Bad tax law can be defined by two simple characteristics.

  1. It produces different tax outcomes for different sectors / different taxpayers, even when they’re seemingly doing the same thing. This creates winners and losers within the system.

  2. It’s designed to engineer a social outcome, rather than gather revenue fairly and equitably.

A case in point is the government’s law removing the deductibility of interest on existing residential investments.

This law was unashamedly passed to make residential property investment less appealing, and to drive down the value of residential property in an attempt to give first home buyers an easier road to home ownership.

To enact the law, the government was forced to abandon a cornerstone of fairness in our tax system for one specific group of taxpayers: residential investors. This fundamental fairness principal is that interest should be deductible when debt is taken on to fund income earning assets.

Why is bad tax law dangerous?

Generally, taxpayers respect laws that are fundamentally fair to all – regardless of whether they personally like them or not.

When this fairness is removed and taxpayers see unfair outcomes, they become resentful, angry and non-compliant. Non-compliance due to unfairness in a tax system can be compared to the impact of inflation on an economy.

It undermines it. And the more it’s undermined, the harder it is to win back compliance.

The second (and more subtle) danger is that bad tax law needs to be constantly modified and altered to ensure the social outcomes it was designed to achieve continue to be met – particularly as economic circumstances change. This means adding more and more layers of complexity to an already very big onion.

Such complexity drives costs up and further increases taxpayer resentment and non-compliance.

Again, the move to a 10-year Brightline and the removal of interest deductibility on residential investment property are classic cases in point.

Would you believe that the IRD’s document explaining how we might interpret and apply the government’s new bad tax law (known as “Special Report on interest limitation and additional Brightline rules Public Act 2022 # 10”) is two hundred and fifteen pages long!

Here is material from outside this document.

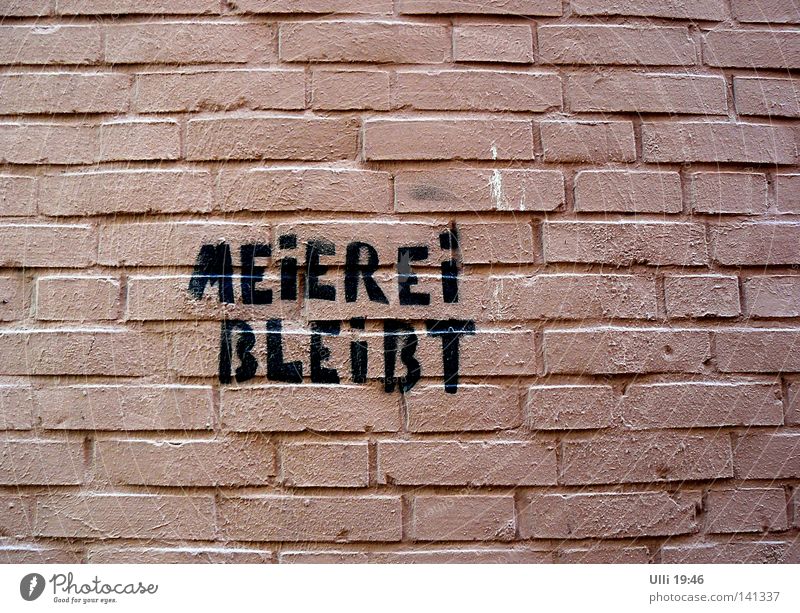 Mensch, Meier! Bleib doch! Farbfoto Außenaufnahme Detailaufnahme Textfreiraum unten Tag Zentralperspektive Haus Mauer Wand Stein Backstein Graffiti Wut rosa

This sort of complexity is why taxpayers now need to pay for a full-blown tax opinion in order to answer a simple question like “will I need to pay tax when I sell this house?” or “will I be able to claim interest on my mortgage to buy this two-year-old rental property?”.

The need to constantly update and add complexity to keep bad tax law in check was further evident this month. The government announced (in response to outcries from the corporate build-to-rent sector) that it would provide an exemption to the interest deductibility rules for projects that are 20 units or larger, where the units are offered with 10-year tenancies.

The clue that this is more bad tax law to modify existing bad tax law is that, again, it creates an environment of winners and losers. Why should someone building a 19-unit development have a different tax outcome than someone building a 20-unit development – especially when it comes to something as fundamental as interest deductibility?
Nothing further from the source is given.